While some scholars have asserted that the Candlemas feast was developed in the Middle Ages to counteract the pagan feasts of Imbolc and Lupercalia, many scholars reject this, based on Medieval documents. While the feast does coincide with these two pagan holidays, the origins of the feast are based in Scriptural chronology. Some superstitions developed about Candlemas, including the belief that if one does not take down Christmas decorations by Candlemas, traces of the holly and berries will bring about the death of the person involved. In past times, Candlemas was seen as the end of the Christmas season.

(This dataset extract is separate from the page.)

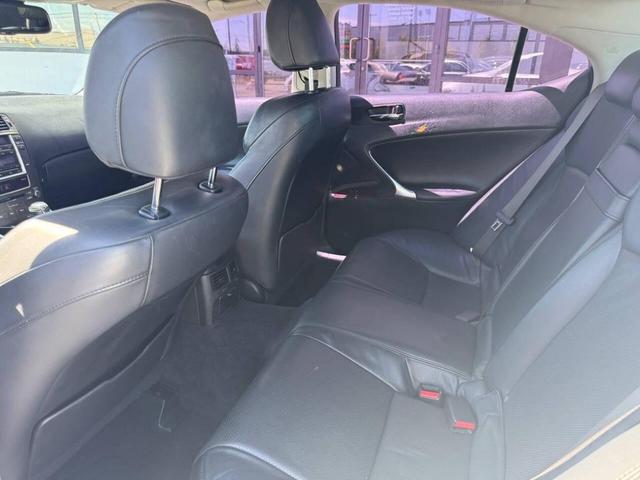 Photo of 2007 Starfire Pearl Lexus IS 250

Candlemas Day was also the day when some cultures predicted weather patterns. Farmers believed that the remainder of winter would be the opposite of whatever the weather was like on Candlemas Day. An old English song goes:

    If Candlemas be fair and bright,
    Come winter, have another flight;
    If Candlemas bring clouds and rain,
    Go winter, and come not again.

Thus if the sun cast a shadow on Candlemas day, more winter was on the way; if there was no shadow, winter was thought to be ending soon. This practice led to the folklore behind "Groundhog's Day," which falls on Candlemas Day.

Today, the feast is still celebrated on February 14th in some Eastern Churches, including the Armenian Church, where the feast is called, "The Coming of the Son of God into the Temple." Most churches celebrate it on February 2nd.